Roasting and Baking


Roasting and Baking -

Old-fashioned "roasting" consisted in cooking meats on a spit before an open fire, as still done in England, but in this country the term is now applied almost exclusively to meat cooked in the oven. The term "baked," formerly applied to all foods cooked in the oven, is now confined to fish, vegetables, etc., as "baked weakfish," "baked potatoes," etc. - meats such as beef, lanb, etc., are similarly cooked but are known as "roast beef," "roast lamb," etc.

"Roasting" involves a considerable loss of weight, but it has always been and still remains one of the most popular methods.
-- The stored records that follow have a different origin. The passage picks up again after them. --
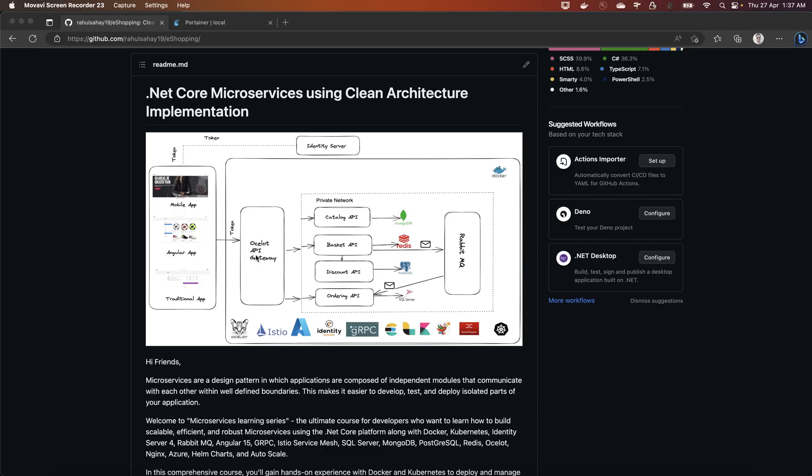Then we are going to version our microservices wherein the same API is going to serve multiple versions so that we can onboard multiple clients with the different flavors of the same API.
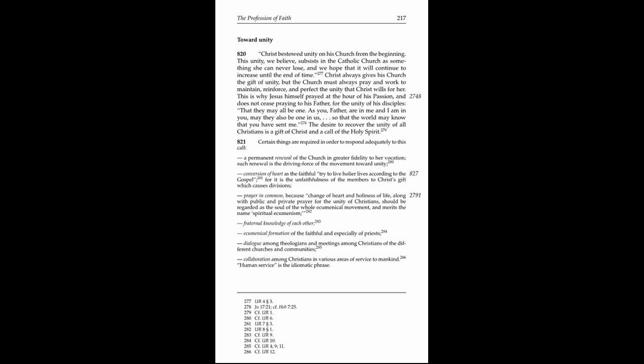Prayer in common, because change of heart and holiness of life along with public and private prayer for the unity of Christians should be regarded as the soul of the whole ecumenical movement and merits the name spiritual ecumenism.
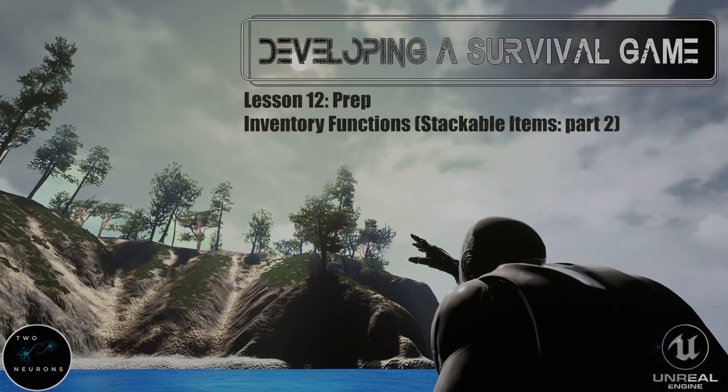Hi everyone, Zach here, and welcome to the prep video for Lesson 12. In Lesson 12, we'll be working further on our inventory functions, in particular setting up our stackable items. This prep video and this series have been brought to you by my Patreon sponsors. That said, let's make a start.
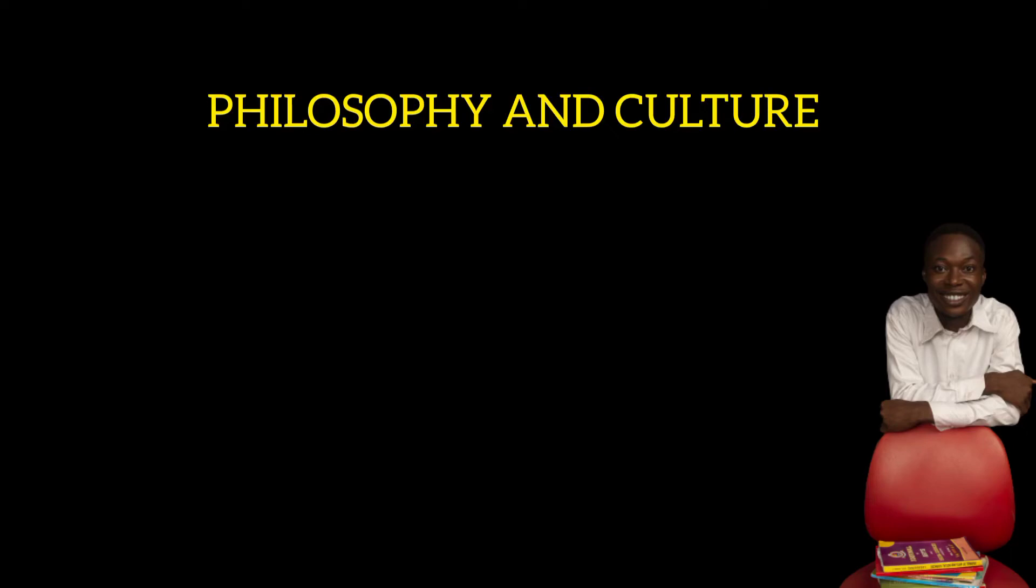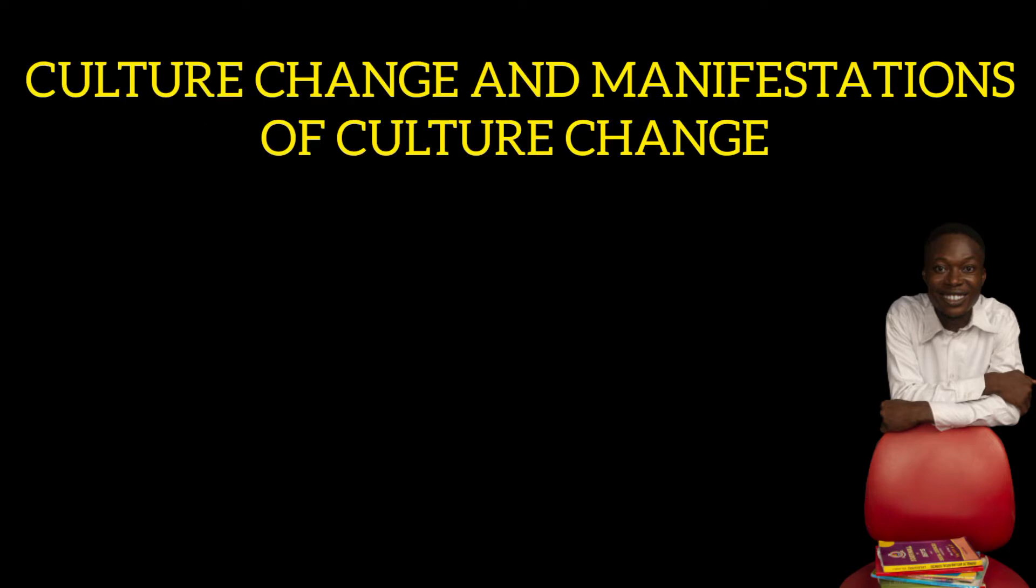Let's come once again to Philosophy Online lecture. We are still on philosophy and culture, and in this lecture we are trying to understand what culture change is and areas where we have culture change.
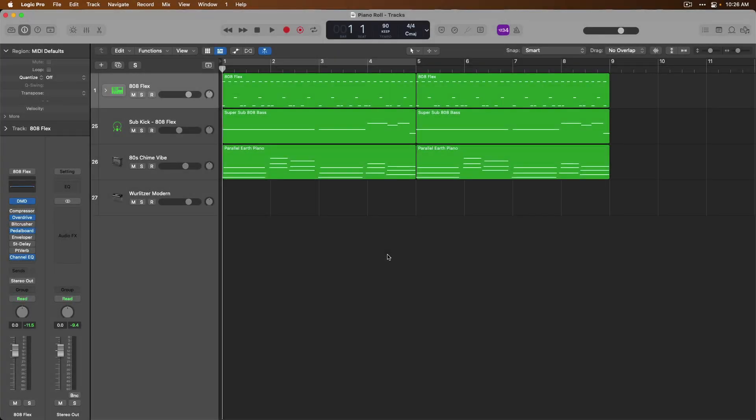Hey friend, Chris here from WideLogicProRules.com, the website that helps you get the most out of Apple's Logic Pro. Welcome to day 24 in our newbie to ninjas series, where I'll help you go from being a beginner in Logic Pro to becoming an expert, fully comfortable and capable to get right down to making awesome music in this amazing application.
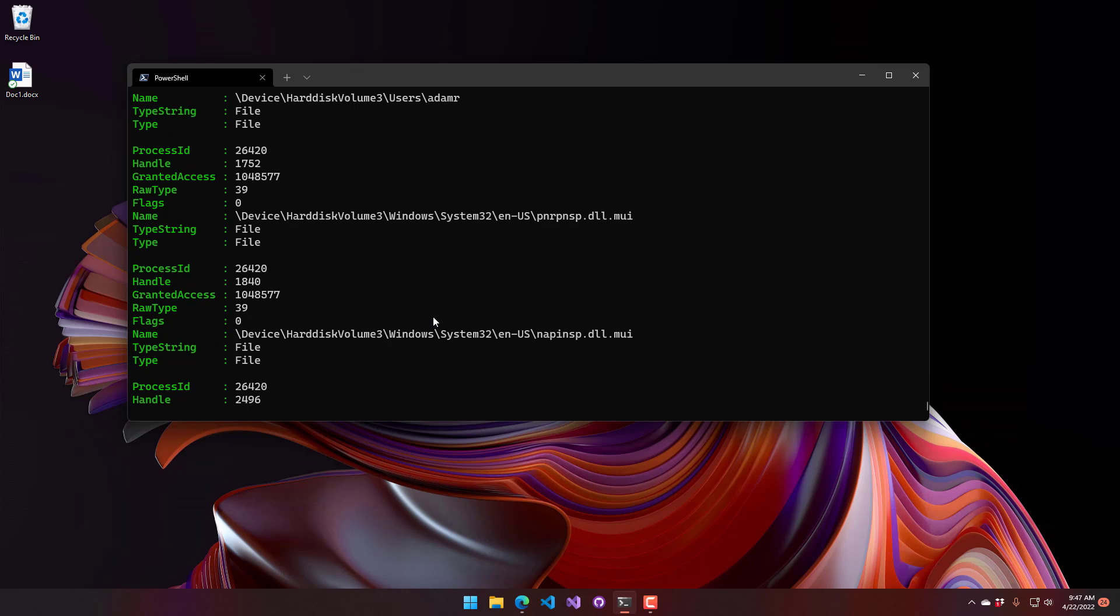So in this video, we looked at how to use the find open file cmdlet to look for open file handles in Windows.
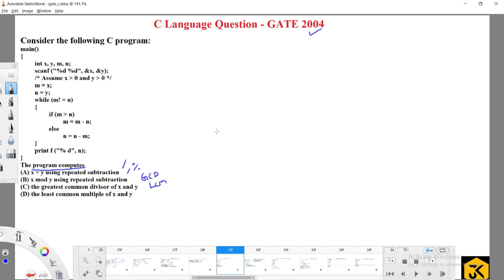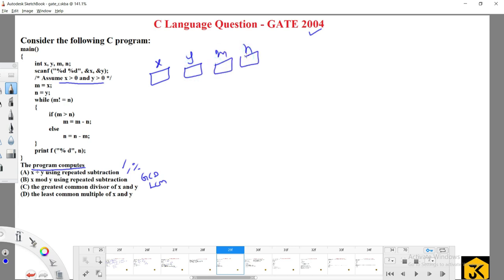To solve this kind of question, you have to first assume certain values. They clearly mention that x and y should be greater than zero. The program has local variables x, y, and m. It reads two values x and y. I am assuming x is 5 and y is 2. We copy those values into m and n: m equals x, n equals y. The while loop runs while m is not equal to n.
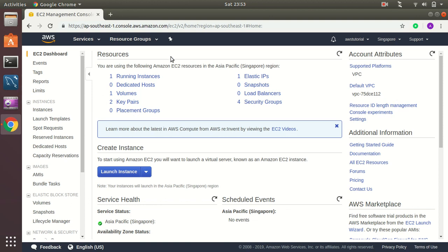Hello everyone, good afternoon. I am Atikur Rahman, an AWS certified solutions architect associate. Today I am going to show you how you can connect to your Windows servers in AWS from your Ubuntu. So let's get started.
The chef points to be observed are:

  • (1) To keep the oven clean.
  • (2) To regulate the temperature to avoid both waste of time by too slow cooking and poor results by excessive heat.
  • (3) That the greatest heat should be for only the first ten minutes, to obtain the outside "envelop" of coagulated albumen to retain the juices - as mentioned under the head of Boiling - and then should be more moderate - and steady.
  • (4) That the meat must be basted frequently, as this greatly assists in the cooking, keeps the meat juicy and improves the flavor.

Both roasting and baking develop the meat extractives or flavor to a high extent, lightening the meat at the same time by the melting of some of the interleaved fat and changing some of the connective tissues into gelatine.